Marine scientists aren’t exactly sure how to answer that question. What they do know is that one was found there recently, swimming thousands of miles away from its natural habitat. After studying  pictures, they determined that the shark they found in the Caribbean was indeed a Greenland shark, the longest-living vertebrate in the world.

Adult Greenland sharks are usually about 24 feet long and weigh 2,200 pounds. They are predatory.

Greenland sharks aren’t exactly a garden-variety shark. They usually live thousands of feet underwater in the pitch dark near the Arctic, and are rarely seen or photographed. They grow and age slowly, living a slow-paced lifestyle to conserve energy, living as long as 250 to 500 years.
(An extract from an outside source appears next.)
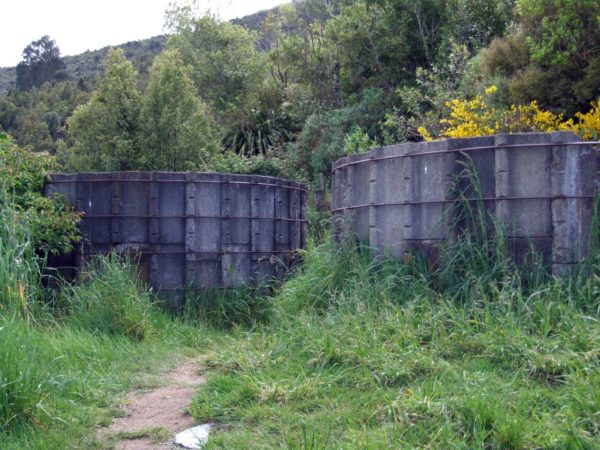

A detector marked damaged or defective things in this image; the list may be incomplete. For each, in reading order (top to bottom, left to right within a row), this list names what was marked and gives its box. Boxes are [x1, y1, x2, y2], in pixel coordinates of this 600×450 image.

rusty metal water tank [46, 172, 308, 298]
But after finding the Greenland shark off Belize, they say that the shark could also thrive and inhabit other deep ocean regions, including the reef slope that goes down to 9,500 feet in the Caribbean near Belize.

A recent study, published in Marine Biology, says that researchers came across the Greenland shark when they were tagging and temporarily catching tiger sharks off the coast of Belize. They set a line in Glover’s Reef Atoll, and were surprised when it moved several miles away from the coral reef into water 2,000 feet deep.

When they retrieved it, they had something of a surprise. “We suddenly saw a very slow-moving, sluggish creature under the surface of the water,” wrote Devanshi Kaana, one of the researchers from Florida International University. “It looked like something from prehistoric times.”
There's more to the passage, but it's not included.